Nato a Cuneo il 29 novembre del 1969, avvocato, eletto la prima volta alla Camera con Forza Italia nel 2006 e poi riconfermato con il Popolo delle libertà nel 2008 e 2013, Costa si impegna in prima linea nelle battaglie del centrodestra sui temi della giustizia, fino ad essere relatore del lodo Alfano, la legge che prevedeva la sospensione dei procedimenti giudiziari a carico delle quattro alte cariche dello Stato.

A novembre del 2013 decide di seguire Angelino Alfano nel Nuovo centrodestra, diventando il capogruppo del partito alla Camera. Incarico che lascia quando a febbraio del 2014 entra nel governo di Matteo Renzi come sottosegretario alla Giustizia, promosso a viceministro nello stesso dicastero a giugno di quell'anno. Poi all'inizio di quest'anno un ulteriore passo in avanti con l'indicazione a ministro degli Affari regionali.
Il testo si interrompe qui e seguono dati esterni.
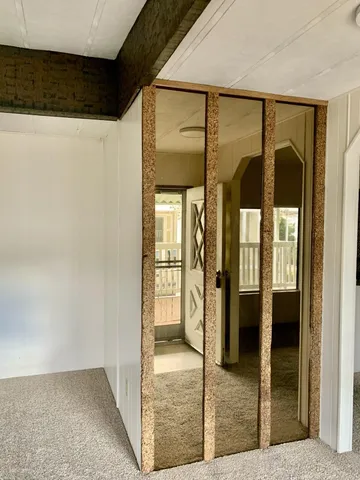 a close up view of washer and dryer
Nel dicastero ottiene anche la delega per le politiche familiari, tema caro ai centristi. E proprio alla vigilia del referendum polemizza a distanza con il leader del Family day Massimo Gandolfini, schierato per il no, e accusato dal ministro di aver dimenticato "i significativi interventi inseriti dal governo nella legge di bilancio" e che, "grazie ad Area popolare, la stepchild adoption è stata stralciata dalla legge sulle unioni civili e non è mai stata introdotta nell'ordinamento".